**About this exercise:** Without changing a single character, write out every record below.
[[ Material provided, beginning ]]
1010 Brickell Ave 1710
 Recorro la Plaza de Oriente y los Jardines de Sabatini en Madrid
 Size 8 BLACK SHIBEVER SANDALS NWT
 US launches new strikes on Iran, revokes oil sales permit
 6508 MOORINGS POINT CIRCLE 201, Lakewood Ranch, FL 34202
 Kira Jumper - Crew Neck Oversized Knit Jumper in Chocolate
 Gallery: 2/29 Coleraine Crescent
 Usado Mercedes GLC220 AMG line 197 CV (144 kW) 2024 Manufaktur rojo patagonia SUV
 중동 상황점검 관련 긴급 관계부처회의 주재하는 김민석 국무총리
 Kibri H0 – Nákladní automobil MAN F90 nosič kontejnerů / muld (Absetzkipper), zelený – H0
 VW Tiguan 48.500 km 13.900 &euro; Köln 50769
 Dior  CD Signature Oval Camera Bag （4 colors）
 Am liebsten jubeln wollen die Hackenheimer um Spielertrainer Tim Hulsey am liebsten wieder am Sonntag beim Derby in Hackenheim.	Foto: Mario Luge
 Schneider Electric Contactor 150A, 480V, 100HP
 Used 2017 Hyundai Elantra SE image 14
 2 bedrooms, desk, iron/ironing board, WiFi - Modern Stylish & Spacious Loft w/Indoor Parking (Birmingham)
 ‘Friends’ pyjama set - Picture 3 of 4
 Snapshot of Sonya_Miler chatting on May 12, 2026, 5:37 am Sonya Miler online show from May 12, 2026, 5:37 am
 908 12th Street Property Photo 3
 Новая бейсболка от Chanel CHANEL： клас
[[ Material provided, end ]]
**Written response:**
1010 Brickell Ave 1710
 Recorro la Plaza de Oriente y los Jardines de Sabatini en Madrid
 Size 8 BLACK SHIBEVER SANDALS NWT
 US launches new strikes on Iran, revokes oil sales permit
 6508 MOORINGS POINT CIRCLE 201, Lakewood Ranch, FL 34202
 Kira Jumper - Crew Neck Oversized Knit Jumper in Chocolate
 Gallery: 2/29 Coleraine Crescent
 Usado Mercedes GLC220 AMG line 197 CV (144 kW) 2024 Manufaktur rojo patagonia SUV
 중동 상황점검 관련 긴급 관계부처회의 주재하는 김민석 국무총리
 Kibri H0 – Nákladní automobil MAN F90 nosič kontejnerů / muld (Absetzkipper), zelený – H0
 VW Tiguan 48.500 km 13.900 &euro; Köln 50769
 Dior  CD Signature Oval Camera Bag （4 colors）
 Am liebsten jubeln wollen die Hackenheimer um Spielertrainer Tim Hulsey am liebsten wieder am Sonntag beim Derby in Hackenheim.	Foto: Mario Luge
 Schneider Electric Contactor 150A, 480V, 100HP
 Used 2017 Hyundai Elantra SE image 14
 2 bedrooms, desk, iron/ironing board, WiFi - Modern Stylish & Spacious Loft w/Indoor Parking (Birmingham)
 ‘Friends’ pyjama set - Picture 3 of 4
 Snapshot of Sonya_Miler chatting on May 12, 2026, 5:37 am Sonya Miler online show from May 12, 2026, 5:37 am
 908 12th Street Property Photo 3
 Новая бейсболка от Chanel CHANEL： клас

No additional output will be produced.